# Task F

Choose any 10 beers in your data. Now choose any one of them, and find the most similar beer (among the remaining 9). Explain your method and logic.

In [25]:
import pandas as pd
reviews = pd.read_csv('reviews_final.csv')
reviews.iloc[:5]

Unnamed: 0,beer,brewery,style,style_id,average_user_rating,username,user_rating,delta_from_average,look,smell,taste,feel,overall,date,review_text,brewery_id,beer_id,page_start
0,Caffè Americano,Cigar City Brewing,American Imperial Stout,157,4.46,MadMadMike,4.53,0.07,4.25,4.25,4.75,4.5,4.5,"Jul 29, 2025","In bottle, on tap, at the brewery - anywhere t...",17981,98020,0
1,Caffè Americano,Cigar City Brewing,American Imperial Stout,157,4.46,Rug,4.06,-0.4,4.0,4.25,4.0,4.0,4.0,"Jul 01, 2022",Unknown vintage\n\nSome more BIF heat from the...,17981,98020,0
2,Caffè Americano,Cigar City Brewing,American Imperial Stout,157,4.46,BFCarr,4.43,-0.03,4.25,4.25,4.5,4.5,4.5,"Apr 02, 2021",Pours dark brown with a thin tan head. Aroma c...,17981,98020,0
3,Caffè Americano,Cigar City Brewing,American Imperial Stout,157,4.46,Dfeinman1,4.23,-0.23,4.0,4.75,4.0,4.0,4.25,"Mar 02, 2021",Such a tasty beer. Perfect mouthfeel and carbo...,17981,98020,0
4,Caffè Americano,Cigar City Brewing,American Imperial Stout,157,4.46,Radome,4.54,0.08,4.75,4.5,4.5,4.75,4.5,"Jan 02, 2021",Poured from a bomber bottle into a Duvel glass...,17981,98020,0


In [26]:
!pip install gensim



Based on the results we saw in tasks B and C, we used a bag-of-words (BoW) approach with TF-IDF and cosine similarity in task F to find the beer most similar to a chosen target.

In order to select which of the 10 beers was most similar, we used an approach very similar to that of task B, but with the target beer's reviews as the input to calculate similarity rather than 3 user-defined attributes.
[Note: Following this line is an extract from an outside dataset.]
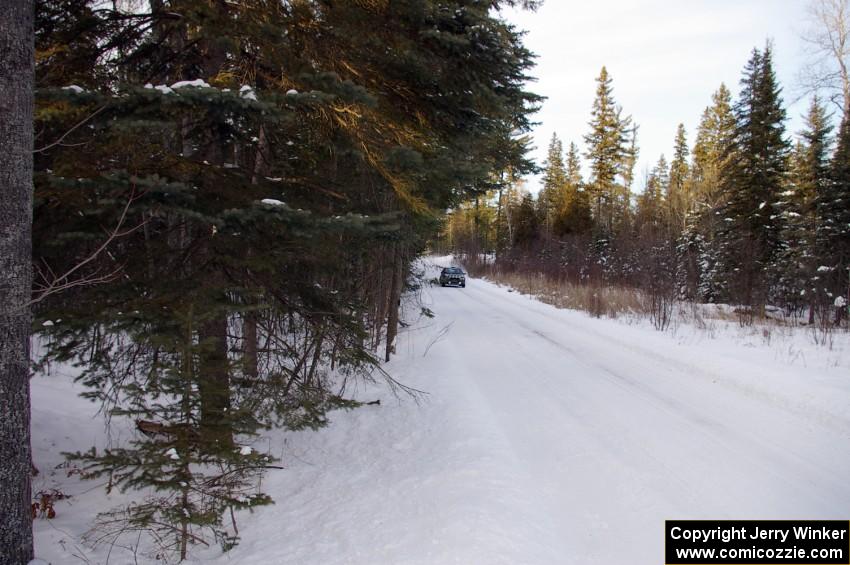 Tom Ottey / Pam McGarvey Mazda 323GTX at speed on a straight on the ranch stage.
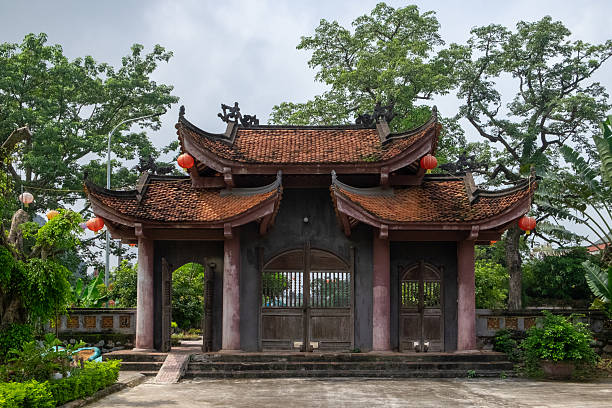 istock Traditional Vietnamese Temple Gate in Garden Setting 2226939858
While word embeddings capture broader semantic relationships, they can blur distinctions between closely mentioned attributes, leading to less precise matches. BoW, by emphasizing exact keyword overlap, reliably identified beers with highly similar flavor descriptors, aligning closely with the target beer’s profile. Incorporating sentiment weighting further refined the results, ensuring positively described beers were prioritized.

In [29]:
import pandas as pd
import numpy as np
import re
from sklearn.feature_extraction.text import TfidfVectorizer
from sklearn.metrics.pairwise import cosine_similarity
from sklearn.preprocessing import normalize
import nltk
from nltk.sentiment import SentimentIntensityAnalyzer

# --- knobs ---
SENTIMENT_WEIGHT = 0.5
TOP_UNIGRAMS_PER_BEER = 5

# -------------------------------------------------
# 0) Pick 10 beers and reset index
beer_ids = reviews['beer'].drop_duplicates().sample(10).tolist()
subset = reviews[reviews['beer'].isin(beer_ids)].copy().reset_index(drop=True)

# -------------------------------------------------
# 1) Normalize text
RAW_COL = "review_text"  # change if your raw text column has a different name

def normalize_text(s):
    s = str(s).lower()
    s = re.sub(r"[^a-z0-9\s]", " ", s)
    s = re.sub(r"\s+", " ", s).strip()
    return s

subset["review_norm"] = subset[RAW_COL].map(normalize_text)

# -------------------------------------------------
# 2) Compute sentiment
if "_sentiment" not in subset.columns:
    try:
        _ = SentimentIntensityAnalyzer()
    except:
        nltk.download("vader_lexicon", quiet=True)
    sia = SentimentIntensityAnalyzer()
    subset["_sentiment"] = subset["review_norm"].map(lambda t: sia.polarity_scores(str(t))["compound"])

# -------------------------------------------------
# 3) TF-IDF vectorization with stopwords and limits
vectorizer = TfidfVectorizer(
    lowercase=True,
    stop_words="english",
    token_pattern=r"(?u)\b[a-zA-Z]{3,}\b",  # only words ≥3 letters
    max_df=0.8,    # ignore terms in >80% of docs
    min_df=1,      # keep terms in ≥1 review (small sample)
    max_features=10000
)
X_tfidf = vectorizer.fit_transform(subset["review_norm"].astype(str))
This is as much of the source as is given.